___ Available data ___

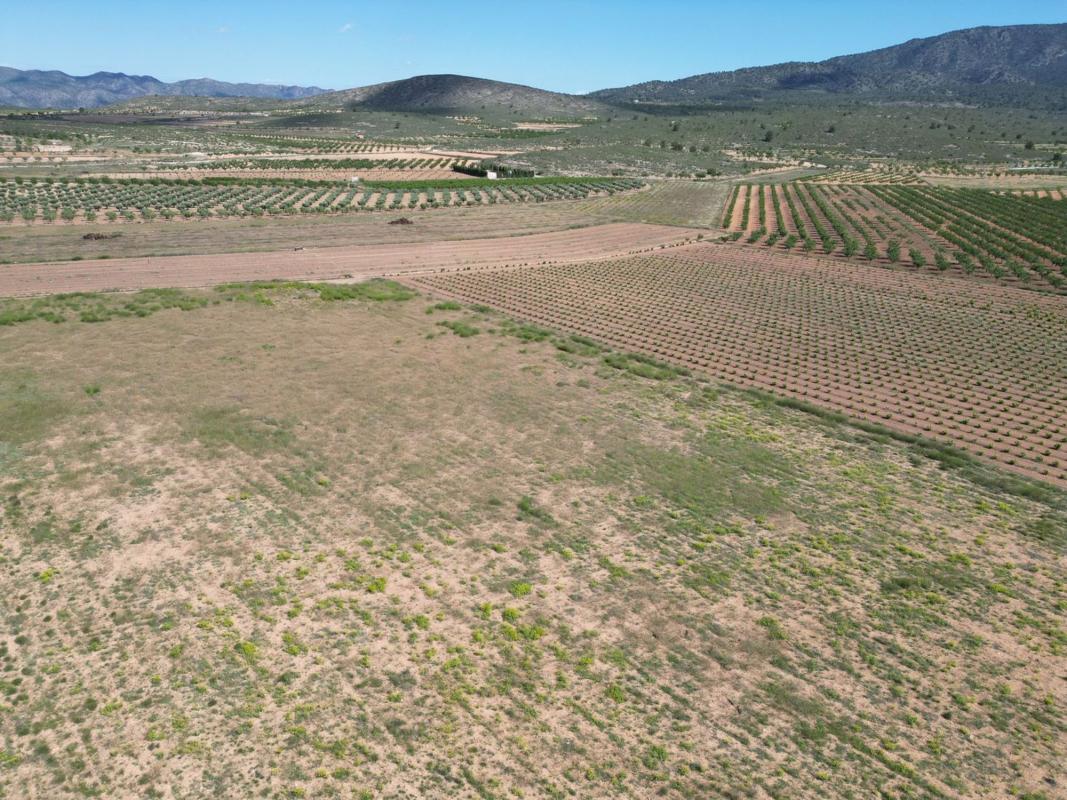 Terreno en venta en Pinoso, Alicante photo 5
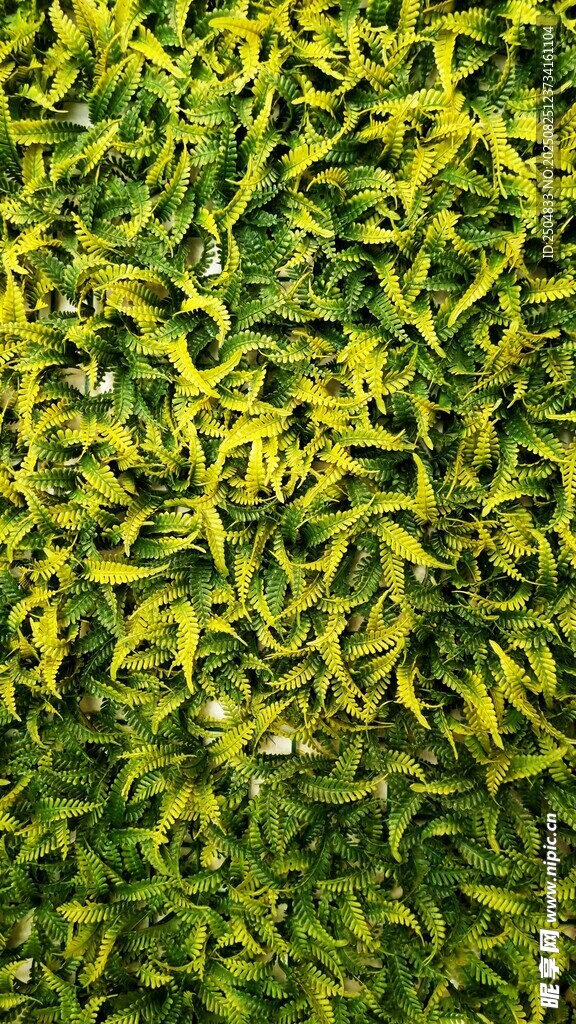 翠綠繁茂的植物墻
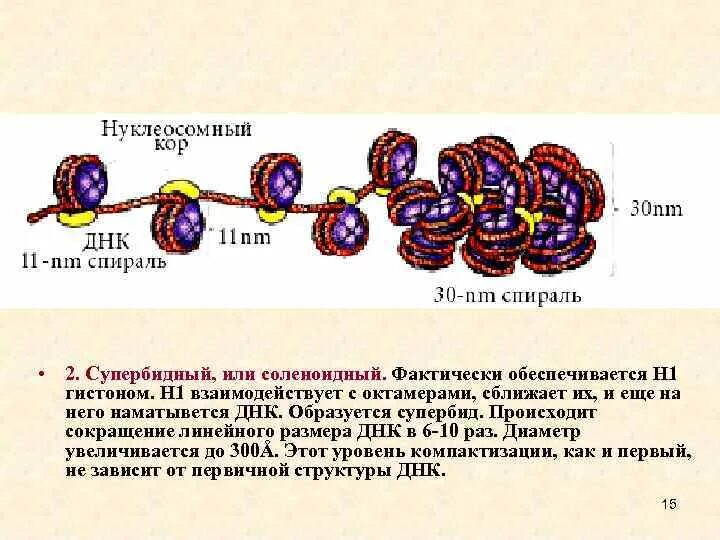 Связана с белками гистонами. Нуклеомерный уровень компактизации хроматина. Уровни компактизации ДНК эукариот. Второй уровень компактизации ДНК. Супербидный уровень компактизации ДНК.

___

▶ Instructions for the task
What the answer must hold: all the data above, given again exactly, without pictures.

▶ Expected answer
 Terreno en venta en Pinoso, Alicante photo 5
 翠綠繁茂的植物墻
 Связана с белками гистонами. Нуклеомерный уровень компактизации хроматина. Уровни компактизации ДНК эукариот. Второй уровень компактизации ДНК. Супербидный уровень компактизации ДНК.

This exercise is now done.